Article from the Toronto Star

Photo: Richard Lautens / Toronto Star

Last week it was revealed that the federal government has long been complicit in operating a sheltered workshop for people with intellectual disabilities. Despite doing a meaningful job, these workers are being paid an illegal wage only because they have a disability.

The story came to light because the federal government ended a long-standing contract for document shredding. When it was reported that the people with intellectual abilities who had been doing the work would be out of a job, the public backlash was so intense that the government reversed its decision to cancel the contracts — a move that makes matters much worse.

There are historic reasons for this and other sheltered workshops, where people with disabilities are employed for a pittance. They began because well-meaning individuals thought it was important to bring these people together to learn work skills. The goal was to ready them for real jobs in the private sector. As we now know, this didn’t happen. Some of these individuals worked at the government-enabled sheltered workshop for as long as 35 years, earning little more than a dollar per hour.

In Canada today the disability community makes up 15.4 per cent of our population. People with disabilities are by far our largest minority group and the community is growing. And yet this demographic is also among the furthest behind in the struggle for equal rights.

The case of the document-shredding sheltered workshop is not an isolated incident. Dozens if not hundreds of similar workshops exist across the country, employing people with disabilities, while paying them little if anything and pretending that what they’re offering is a work experience program. Many of these sheltered workshops bring in a lot of money; workshop managers are able to outbid private-sector businesses that are mandated to pay their employees a legal wage.

Not only are people with intellectual disabilities languishing in these shops; they are also being placed by social-service agencies into unpaid private-sector positions. How is this allowed to happen? Most often business owners believe they are doing something good for the community, the agencies don’t know how to negotiate a fair wage for these workers and the parents or caregivers of the workers are just happy they aren’t sitting at home.
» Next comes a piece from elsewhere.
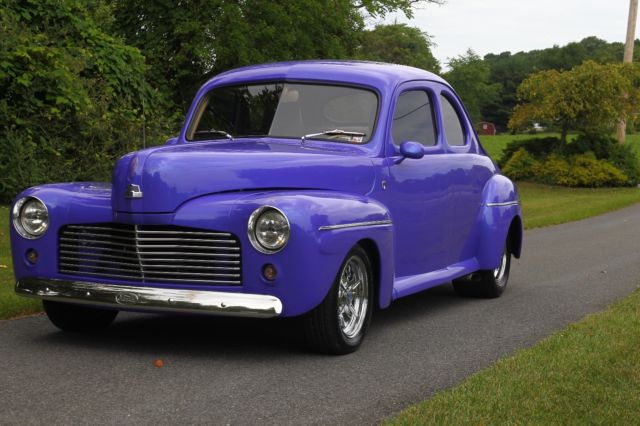 1947 flip flop / purple - blue Ford business coupe Coupe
From all these good motives comes an unjust and unacceptable result. People with disabilities must be given the opportunity to live their lives to their full potential. For the many who are capable of working, that begins with a meaningful job that is competitively paid.

I have hired 112 people with disabilities in the past 20 years in my six Tim Hortons locations in Toronto. Today 46 of my 225 employees have a disability, eight of whom have intellectual disabilities. All are paid the same wage and the same benefits of an employee without a disability. The expectations I have of all of my employees are the same — work to the best of your ability. The result? The workers I hired with disabilities have more often than not become my best employees.

This is what the government, and the logic underlying these sheltered workshops, fails to take into account. Inclusion of people with disabilities in meaningful and competitively paid jobs is not only the moral thing to do, it’s also good for business. It improves my profitability. It improves my employee turnover, absenteeism, safety record, innovation and productivity. The unemployment rate for the disability community is approaching 50 per cent. It’s no wonder these employees tend to be so good. The stakes are so very and unfairly high.

So why did the government not respond to this controversy by publicly announcing that all Canadians deserve to be protected by our country’s labour laws? No other demographic in Canada is expected to work for less than a legal wage. No other demographic in Canada can be systematically discriminated against without a massive uproar from society.

It’s time for the government to ensure that all workers in this country, regardless of ability, are paid a legal wage. Ottawa must begin by shutting down this disgraceful sheltered workshop and all others of its kind. The workers now employed there should be placed in the competitively paid positions they are perfectly capable of filling. Surely the federal government doesn’t need to save a few bucks on the backs of our most vulnerable citizens.

Mark Wafer owns six Tim Hortons in Toronto. He is an advocate for employment for people with disabilities.